Acute kidney injury (AKI) is characterised by numerous clinical events, which leads to the loss of kidney function (such as reduced glomerular filtration rate) [1]. AKI is the direct result of toxicity of several small molecules such as anticancer drugs‐cisplatin or doxorubicin affects the physiological functions of glomerulus apparatus [2]. In general, 7% of hospitalised patients develop AKI and 30% of patients in intensive care unit (ICU). Especially, it affects vast percentage of paediatric patients with sepsis‐related AKI [3, 4]. Moreover, AKI is considered as a risk factor for the chronic kidney damage and other cardiovascular complications. The main cause of AKI was attributed to the release of proximal tubular epithelial products such as inflammatory cytokines (TNF‐α and IL‐6 etc.), which later on infiltrate into the kidney interstitum and causes more damage [5, 6].

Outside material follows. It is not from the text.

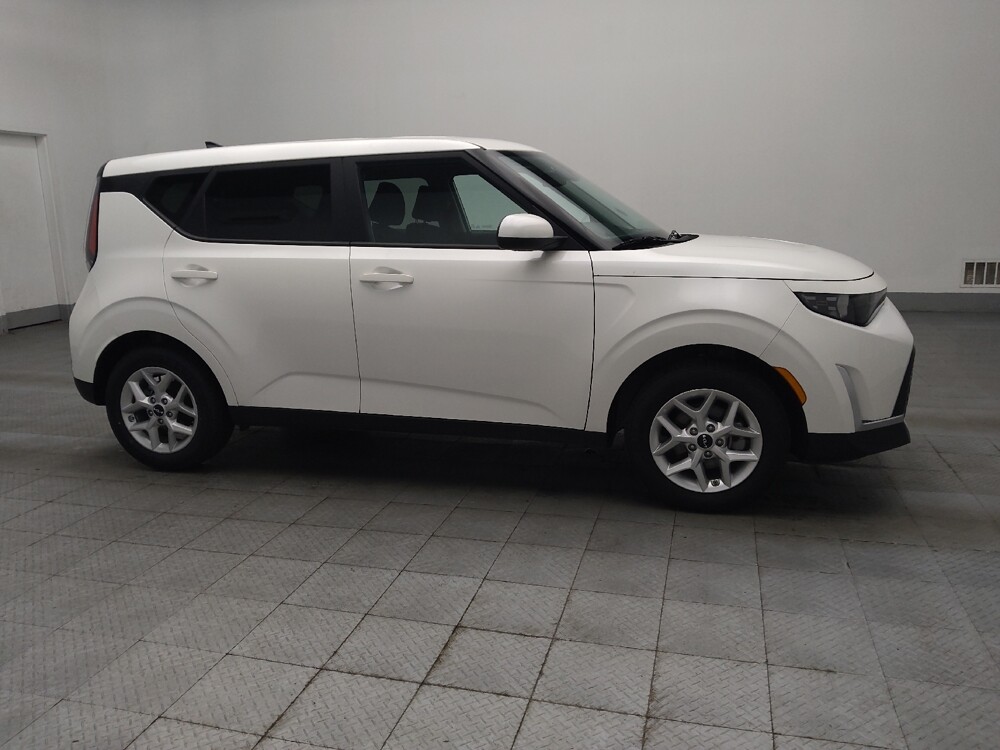 2025 Kia Soul in Stone Mountain, GA 30083 - 18130246 11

Micro RNA's (miRNA) are endogenous and non‐coding RNAs with an average length of 18–25 nucleotides which are involved in the regulation of gene expression and affect the physiological functions in the body [7]. The miRNA acts by binding to the 3′untranslated regions (3′UTR) of target mRNAs and results in the functional programs. Literature is the evidence that miRNA plays an important role in the regulation of inflammatory reactions and inflammatory diseases and, therefore, plays an important role in the pathology of several vital organs [8]. To be specific, miRNA‐30b is reported to contribute to the inflammatory cytokine‐mediated β‐cell dysfunction and actively involved in the melanoma cells immunosuppression [9]. In addition, miR‐30b involved in the inhibition of autophagy of hepatic ischaemia‐reperfusion and its role in AKI is not studied well until today [10, 11]. Therefore, present study is an attempt to study the role of miR‐303b in the treatment of AKI.

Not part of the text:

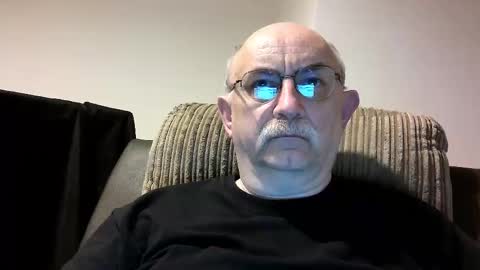 Snapshot of grey_dom chatting on 12/31/24, 04:57 Master Sir online show from 12/31/24, 04:57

Gene therapy though holds great clinical potential for the treatment of major diseases, its instability in the body fluids and rapid elimination from the circulation hampers its clinical success [12]. An ideal gene carrier should possess high biocompatibility, high condensation ability, and excellent systemic circulation stability [13]. Due to abundant amine group and high positive charge, polyethyleneimine (PEI) offers high gene condensation ability and possesses strong proton sponge effect. However, PEI owing to high positive charge leads to severe local and systemic toxicity. Besides, PEI/miRNA complex might be unstable in the circulatory environment [14]. Therefore, a negatively charged polymer is reported to confer the stability to the PEI complex. It is expected that the negatively charged polymer might form strong complex with the positively charged PEI and forms a stable particle [15]. For example, PEI/DNA complexed with sodium alginate is reported to improve the transfection efficiency and tumour tissue accumulation and higher therapeutic efficacy. Therefore, in the present study, we have employed sodium alginate to complex with PEI/miRNA to form a stable particle [16]. Furthermore, it has been reported that physical or chemical reaction between polysaccharides with abundant carboxy group and metal ions are relatively more stable in blood circulations [17]. Therefore, we have cross‐linked the PEI/miRNA/Alginic acid complex with calcium (Ca²⁺) salt to form a stable particle.

In this study, kidney cells (human proximal tubular epithelial cells, HK2) were used to study the effect of miRNA‐30b. Physical characterisation of PEI/miRNA/Alg/Ca2+ nanoparticle was studied by particle size distribution and particle morphology. The role of miRNA‐30b mimic and miRNA‐30b inhibitor in LPS‐inflammation‐induced cell was studied in terms of cell viability. The apoptosis induction and release of inflammatory cytokines were studied by Western blot analysis and RT‐PCR‐based gene expression analysis.

2 Materials and methods

2.1 Preparation of miRNA‐30b‐loaded ionic cross‐linked polysaccharide NP

Hyperbranched PEIs (PEI25k, Mw 25 kDa) were mixed with either miRNA‐30b (mimic or inhibitor; purchased from GenePharma, Shanghai, China) at a weight ratio of 2.75:1 and incubated for 30 min. The polysaccharide alginic acid (Sigma Aldrich, China) was added to the above PEI/miRNA complex in a weight ratio of 1:1 and incubated for 30 min. Finally, calcium chloride was added to the PEI/miRNA/Alg mixture in a proportion of 0.005 to the weight ratio. The unconjugated ingredients were removed by centrifugation at 10,000 rpm for 5 min. The nanoparticles were collected and stored until further use.

The particle size distribution of nanoparticle was studied by ZetaSizer (Malvern Instruments, UK). The experiment was performed in triplicate after diluting the nanoparticle dispersion in ultrapure water. The morphology of nanoparticle was studied using transmission electron microscope (TEM). The nanoparticles were diluted and observed under the electron microscope after counter staining with 2% phosphotungistic acid (PTA).

2.2 Cell culture

The human proximal tubular epithelial cell line HK‐2 (ATCC, MD, USA) was cultured in DMEM medium supplemented with 10% foetal bovine serum and 1% antibiotic mixture. The cells were maintained at 37°C under humidified conditions. As part of initial study, the HK2 cells were treated with 1–10 µg/ml of lipopolysaccharide (LPS, sigma Aldrich, China) for 6 h. The LPS‐treated HK2 cells were exposed with PAg‐miR (inhibitor and mimic) and further incubated for 48 h. After the incubation period, cells were extracted and continued for subsequent experiments.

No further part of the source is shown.